Will the TCJA be extended?

As of now, it’s uncertain whether the provisions of the TCJA will be extended. This depends on future legislative actions, which can be influenced by various political and economic factors.

Does the Tax Cuts and Jobs Act work?

The effectiveness of the Tax Cuts and Jobs Act can be seen in various ways. It successfully lowered tax rates for many individuals and corporations in the short term and simplified some aspects of the tax code. However, assessments of its long-term impacts on economic growth and income inequality vary among experts.

What did the Tax Cuts and Jobs Act do?

The Tax Cuts and Jobs Act significantly overhauled the U.S. tax code. Key changes included reducing the corporate tax rate from 35% to 21%, introducing a new pass-through deduction for sole proprietors and other pass-through entities, modifying deductions and exemptions for individual taxpayers, and simplifying tax filing requirements for many people.

When did the tax code last change before the TCJA?

Before the Tax Cuts and Jobs Act, the last major tax reform was enacted in 1986.

How did the TCJA affect carried interest?

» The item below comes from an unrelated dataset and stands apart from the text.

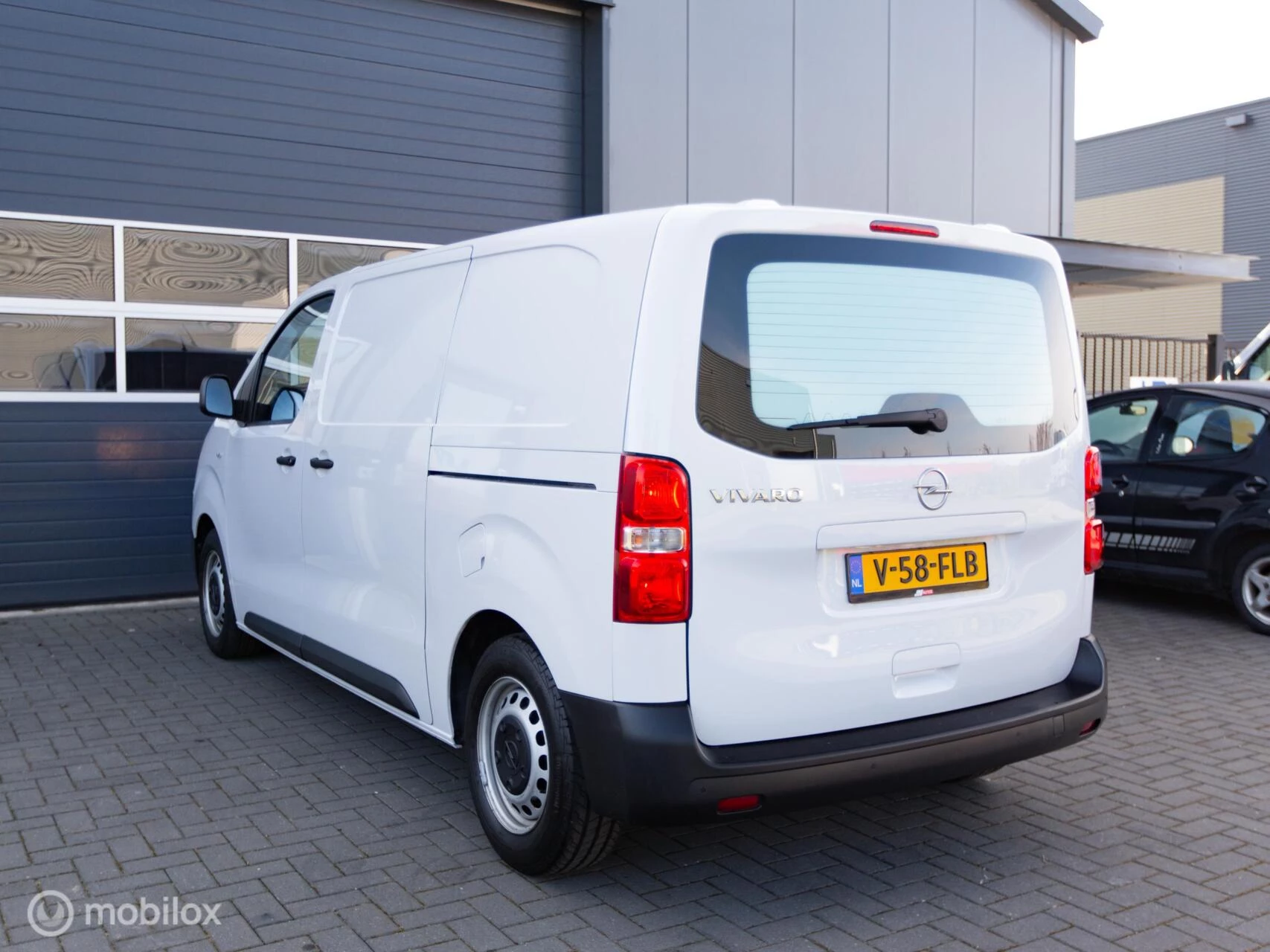 Hoofdafbeelding Opel Vivaro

The TCJA did not eliminate the carried interest loophole. Managers of hedge funds and similar investment vehicles continue to charge a 20% fee on profits exceeding certain benchmarks, typically around 8%. These fees are considered capital gains if the assets are held long enough, taxed at a top rate of 20% instead of the higher 39.6% for ordinary income.

What were the economic effects of the Tax Cuts and Jobs Act?

Most analysts predicted that the Tax Cuts and Jobs Act would modestly boost economic output in the short term, a view supported by early data. The long-term effects, however, remain unclear, largely obscured by the significant economic disruptions caused by the COVID-19 pandemic. Before the pandemic, there was limited evidence that the Act significantly boosted investment to spur longer-term economic growth.

Disclaimer

CoCountant assumes no responsibility for actions taken in reliance upon the information contained herein. This resource is to be used for informational purposes only and does not constitute legal, business, or tax advice.  Make sure to consult your personal attorney, business advisor, or tax advisor with respect to believing or acting on the information included or referenced in this post.